Until now the influence of relaxins on spontaneous metastasis formation is unclear. Since we could not detect any metastases during the life span of our mice, we addressed this question in a brain slice coculture model [
19]. There we had shown before that tumour cells need the active help of microglia, the resident macrophages of the brain, for successful invasion. First, microglia is attracted and accumulates at the site of the potential tumour cell entry. Activated microglia then serve as vehicles and guidance structures for the malignant cells into the brain. Porcine relaxin increased microglia accumulation and invasion of each of the tumour cell lines investigated in this model, independent of the species of origin as well as of erbB2 and hormone receptor expression. The effect was dose-dependent and became most significant in higher concentrations. These concentrations are higher than those used in our previous Boyden chamber experiments [
15], however, since relaxin is distributed via diffusion within the brain slice, they are necessary to ensure sufficient penetration. To further characterize the receptors which mediate the pro-invasive effect, we applied the brain-specific relaxin-3 which binds with high affinity to its primary receptor RXFP3 but can also interact with lower affinity with RXFP1. Both receptors were present in the brain, but only RXFP1 was expressed on the tumour cells. Synthetic human relaxin-3 induced a similar pro-invasive effect as porcine relaxin. In comparison, the specific RXFP3-agonist R3/I5 did not significantly enhance invasion. Thus, it can be assumed that most of the pro-invasive effect is mediated by RXFP1 both on tumour cells and their stromal recipients, the microglia.

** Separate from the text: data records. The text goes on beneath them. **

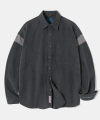 Shouldering Twill Big Oversized Fit Shirt S132 - Black Denim
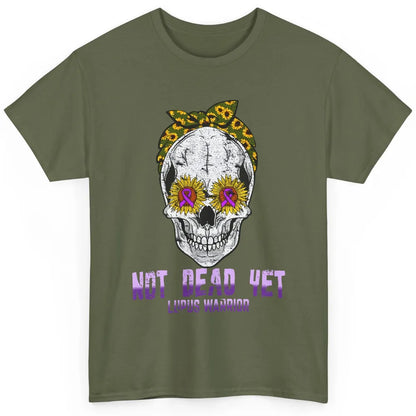 Not Dead Yet Skull Lupus Awareness Funny Sunflower Skeleton Classic Unisex T-Shirt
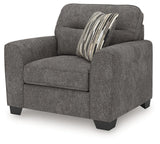 Olten Graphite Oversized Chair by Ashley at Eve Furniture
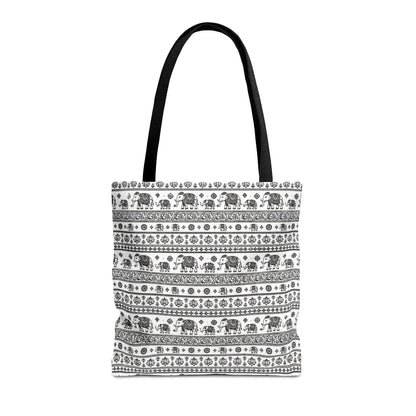 Thai Elephant Tote Bag - Patterned AOP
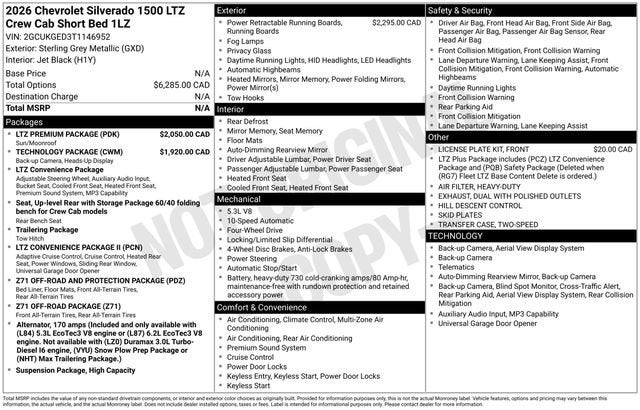 2026 Chevrolet Silverado 1500 LTZ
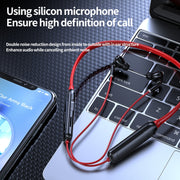 M60 8D Surround Sound Wireless Neck-mounted 5.1 Bluetooth Earphone Support TF Card MP3 Mode(Black)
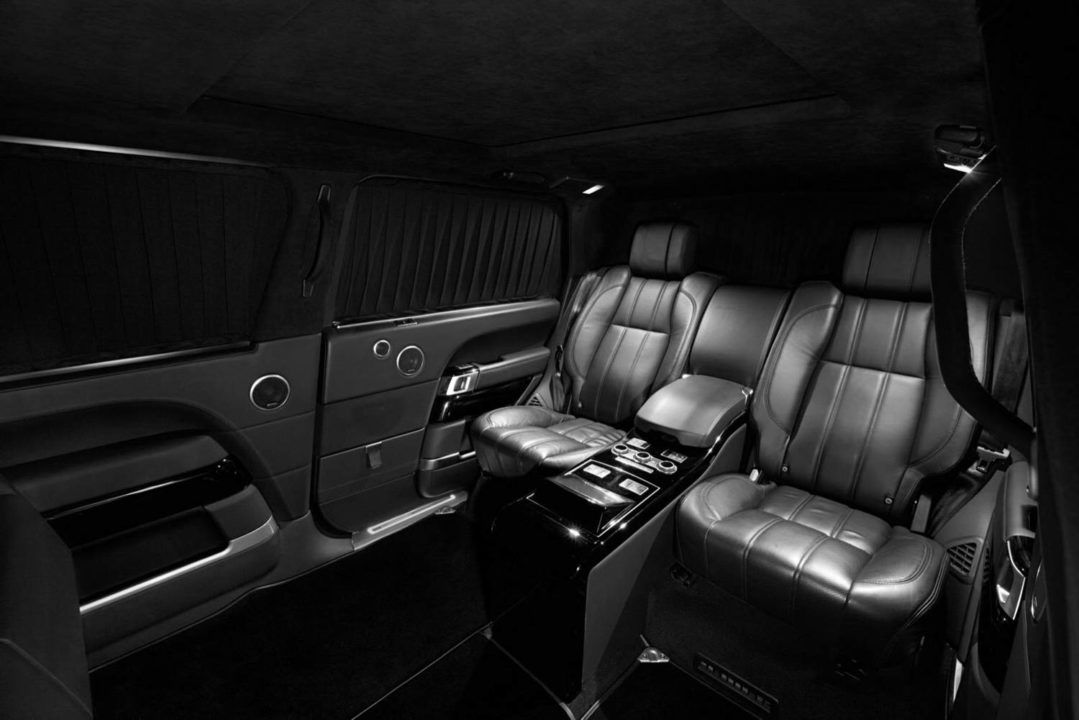 armored Range Rover Autobiography interior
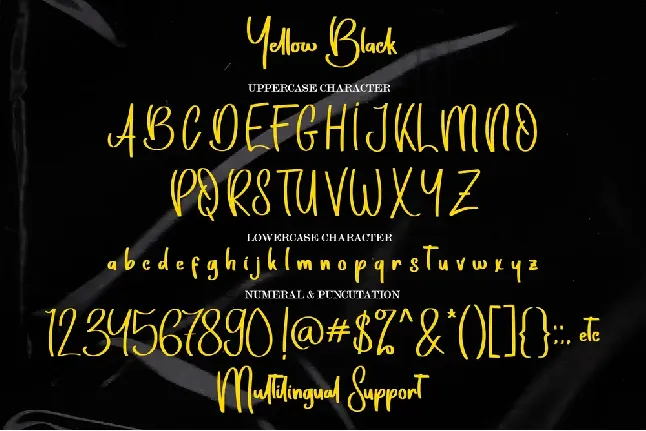 Yellow Black - Personal Use font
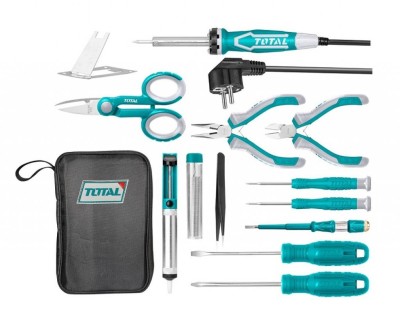 TOTAL KIT FERAMENTA  TKTTSK0132  13PCS Total Herramientas Oficial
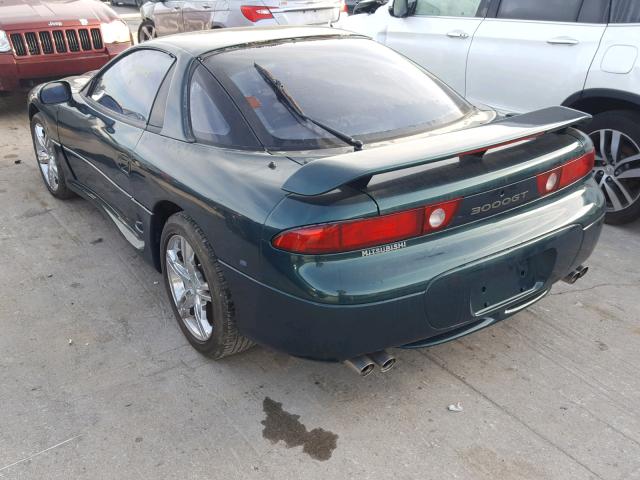 JA3AM84J8SY021157 - 1995 MITSUBISHI 3000 GT GREEN photo 3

These results are consistent with a recent clinical observation in a patient with hormone receptor-negative breast cancer [
38]. There, we found an unusually fulminant progression from a single small osteolytic lesion to widely disseminated metastases in multiple organs during hormonal treatment for oocyte harvest before the planned chemotherapy. This was associated with induction of high relaxin-2 serum levels, strongly suggesting a tumour-promoting effect of relaxin-2 either directly on the tumour cells or via the microenvironment.
Taken together, in a mouse model of spontaneous erbB2-positive breast cancer, where interactions between tumour cells and the stromal compartment are not hampered by species barriers and immunodeficiency, relaxins clearly promote tumour progression. This is obviously due to effects of relaxins on the tumour cells but also on the microenvironment, in particular, the macrophages. We also demonstrate that relaxins can foster metastatic colonization of the brain, again, via direct action on the tumour cells but also on the recipient tissue. These findings strongly argue in favour of a tumour-promoting role for relaxins in breast cancer. Given the context-dependency of relaxin action, further experiments with special attention to an intact microenvironment and to relaxin dosage are warranted.